DANIEL S. PEARSON, Judge.
Finding no merit in the points raised in the main appeal, we affirm the judgment for Koffey. In her cross-appeal, Koffey contends that the trial court's refusal to add prejudgment interest to the judgment in her favor was error because (a) such judgment was based on Koffey's contractual claim, the amount of which, even if, arguendo, in dispute,[1] became liquidated by the jury verdict; and (b) the defendant, Meigs & Cope, stipulated that Koffey was entitled to interest in the event that the defendant was found liable,[2] thus obviating the need to instruct the jury thereon and authorizing the court to add the interest to the amount of the verdict rendered. We agree with Koffey's contentions and find them to be amply supported by our decision in Jockey Club, Inc. v. Bleemer, Levine & *868 Associates Architects and Designers, Inc., 413 So. 2d 433 (Fla. 3d DCA 1982). Accordingly, we remand the case to the trial court with directions that it add to the judgment an award of interest calculated at six per cent per annum from October 5, 1981,[3] the date upon which the debt was due and owing, to July 1, 1982, the effective date of the amendment to Section 687.01, Florida Statutes (1982), and at twelve per cent per annum from July 1, 1982, to the date of the judgment.
Affirmed as modified.
NOTES
[1] At the charge conference, counsel for Meigs & Cope stated, "We agree on damages, do we not? If you win you get ninety seven-five [$97,500]."

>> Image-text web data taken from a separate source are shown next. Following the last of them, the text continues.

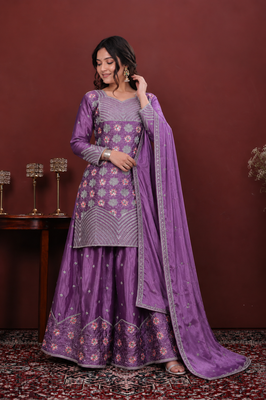 Light purple chinon silk sequence embriordered sharara suit 3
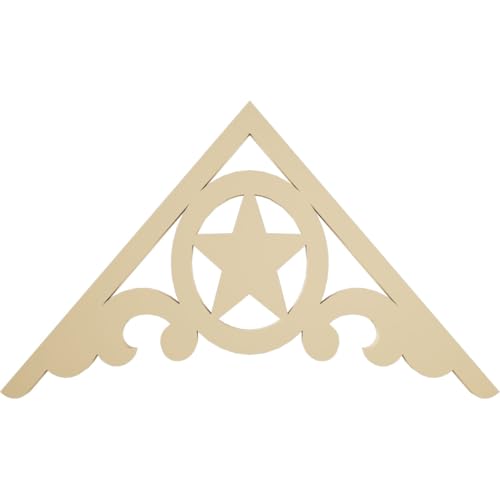 36"W x 21"H x 1 1/2"P (14/12) Pitch Austin Signature Urethane Gable Pediment, Primed Tan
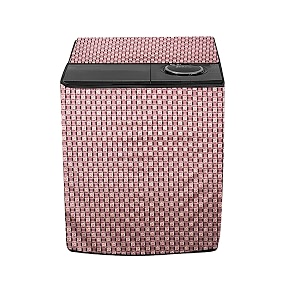 stylista polyester washing machine cover compatible for samsung 85 kg semi-automatic top loading wt85r4200ll basketweave pattern multicolor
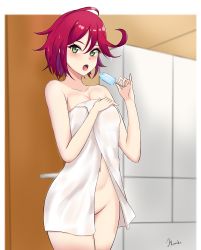 Rule 34 | 1girl, absurdres, blush, breasts, fiona (lapis re:lights), green eyes, groin, haruka 0123, highres, lapis re:lights, large breasts, looking at viewer, navel, open mouth, red hair, short hair, solo, towel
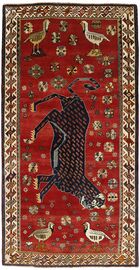 
    Kashghai Old pictorial - Dark red - 148 x 290 cm
  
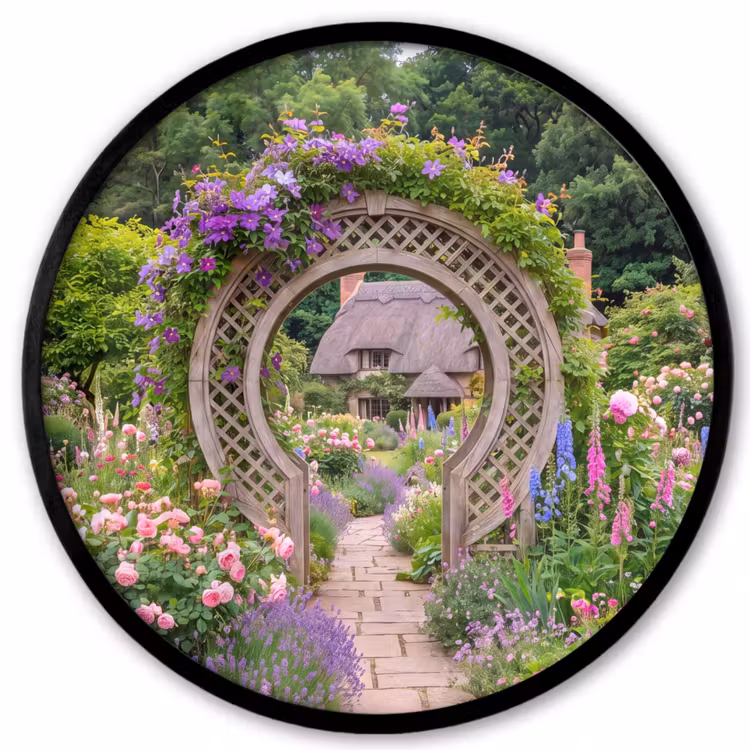 Poster im Rahmen Rund - Garten – Bogen – Blumen — 1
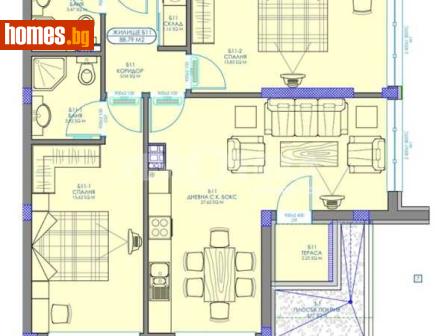 Тристаен, 107m² - Апартамент за продажба - 117784519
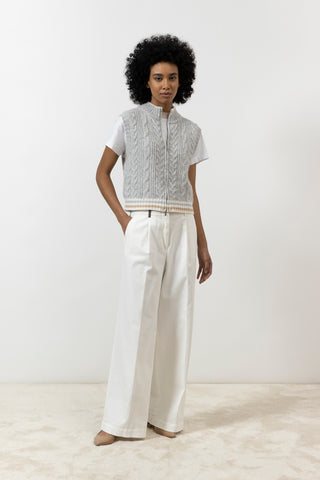 Wide-leg trousers in cotton gabardine  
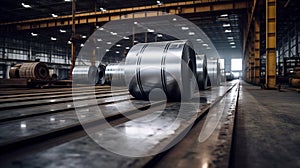 Roll of galvanized steel sheet in warehouse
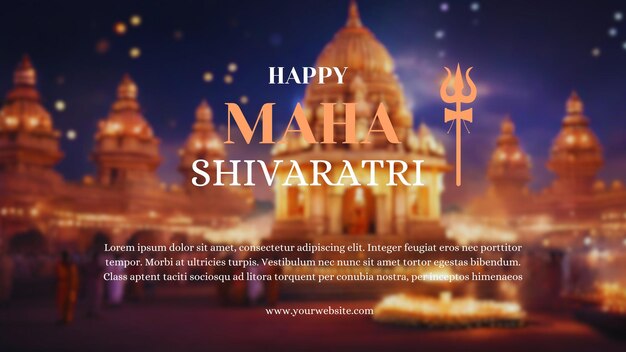 Maha shivratri traditionelles hindu-festival poster banner design vorlage website poster vektor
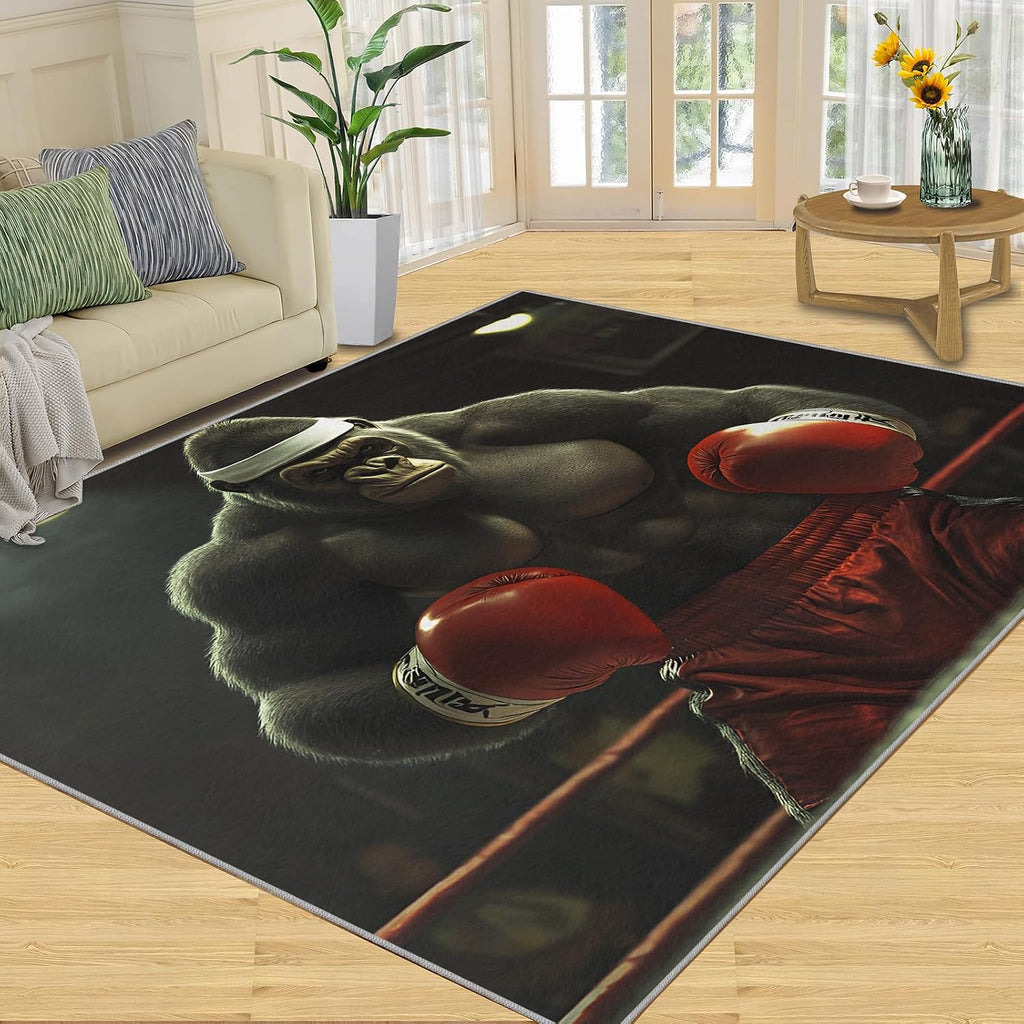 Gorilla Area Rug 6x8 - Boxing Gorilla Large Rugs for Living Room, Boxing Gym Carpet Area Rug for Girls Bedroom Kids Room Basement Office Classroom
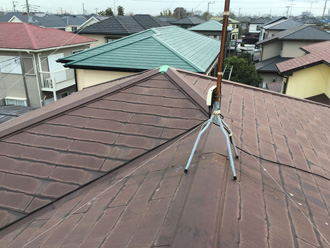 八王子市川口町にて塗膜が劣化して色褪せた化粧スレートをサーモアイSiで屋根塗装工事
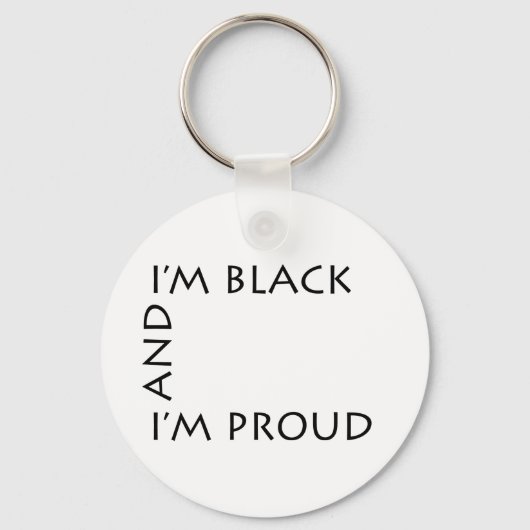 PBI - Black en Proud Sleutelhanger - White (Voorkant)
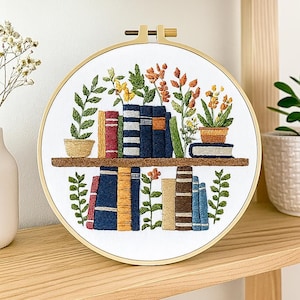 Bücherregal Anfänger Stickpackung, Plattstich Packung für Anfänger, DIY Handstickerei Muster Pflanzen und Bücher, Buchliebhaber Geschenk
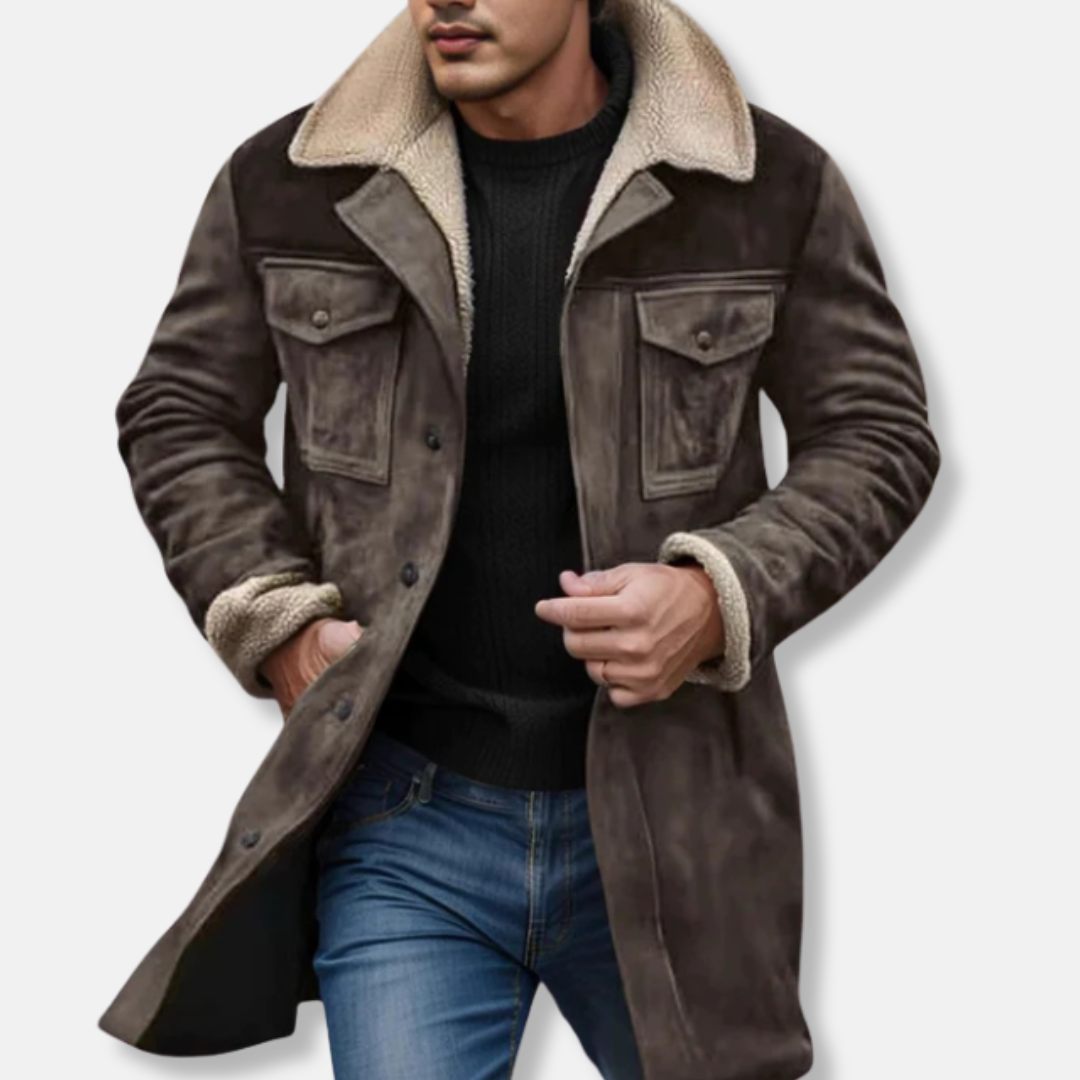 Men's Trench Coat With Suede-Like Fabric And Shearling Collar, Relaxed Fit, Button Front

[2] Again, at the charge conference, in response to the assertion by Koffey's counsel that his client was entitled to interest, defense counsel agreed, "Ninety seven five and interest if you win."
[3] Under the insurance contract, the loss was to be paid in thirty days after submission of the proof of loss. By denying liability, the defendant waived the proof of loss required by the policy. See, e.g., Keel v. Independent Life & Accident Insurance Company, 99 So. 2d 225 (Fla. 1957). Therefore, the debt became due thirty days after the loss which occurred on September 5, 1981.